**YOUR GOAL**
Skip the images. Copy the records exactly as written.

BEGIN RECORDS TO USE

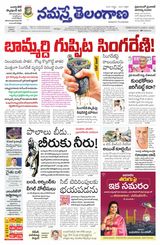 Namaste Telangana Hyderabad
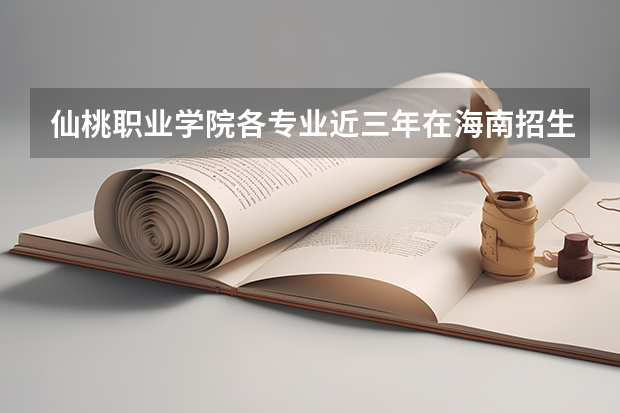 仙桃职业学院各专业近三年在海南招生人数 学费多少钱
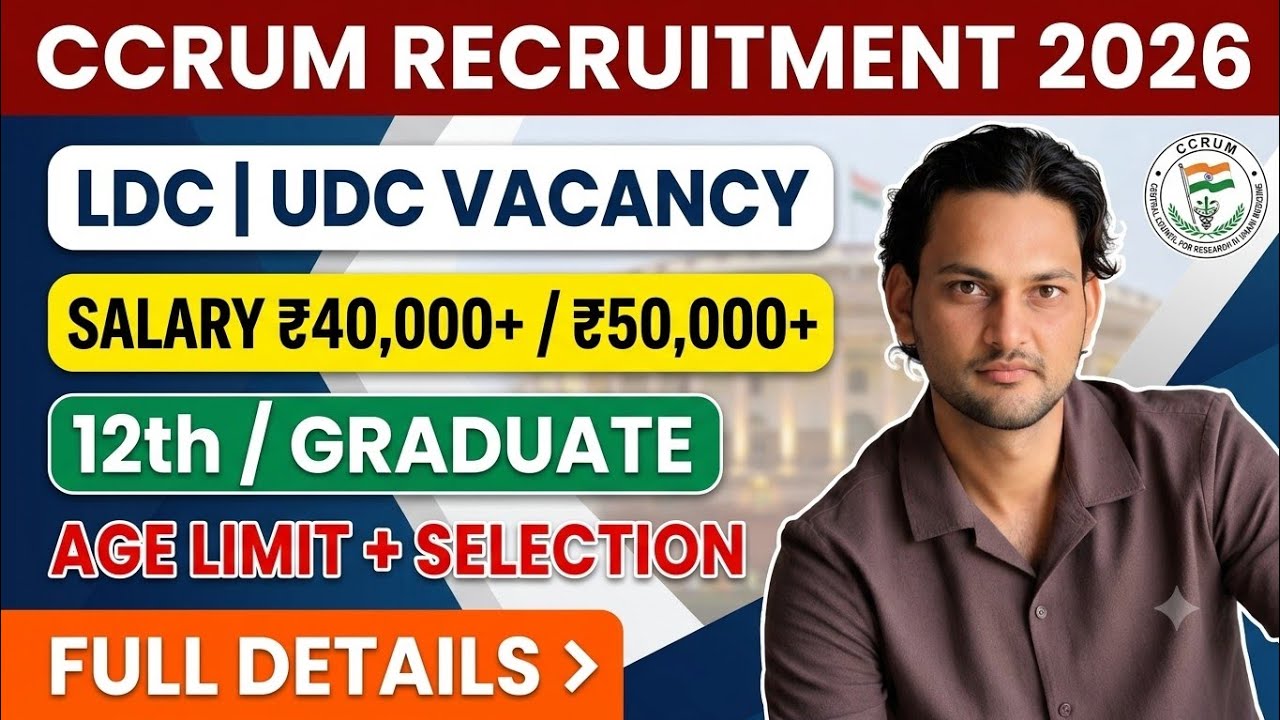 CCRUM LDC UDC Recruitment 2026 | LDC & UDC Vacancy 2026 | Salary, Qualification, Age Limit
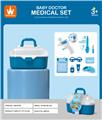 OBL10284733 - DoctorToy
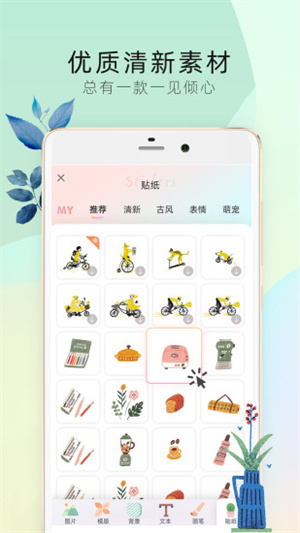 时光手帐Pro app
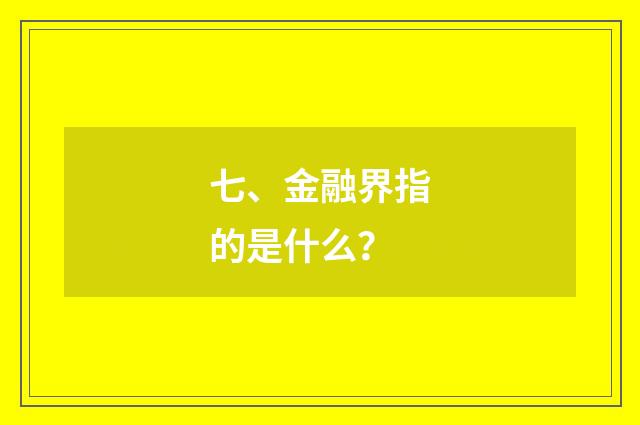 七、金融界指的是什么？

END RECORDS TO USE

**REPLY TO THE EXERCISE**
 Namaste Telangana Hyderabad
 仙桃职业学院各专业近三年在海南招生人数 学费多少钱
 CCRUM LDC UDC Recruitment 2026 | LDC & UDC Vacancy 2026 | Salary, Qualification, Age Limit
 OBL10284733 - DoctorToy
 时光手帐Pro app
 七、金融界指的是什么？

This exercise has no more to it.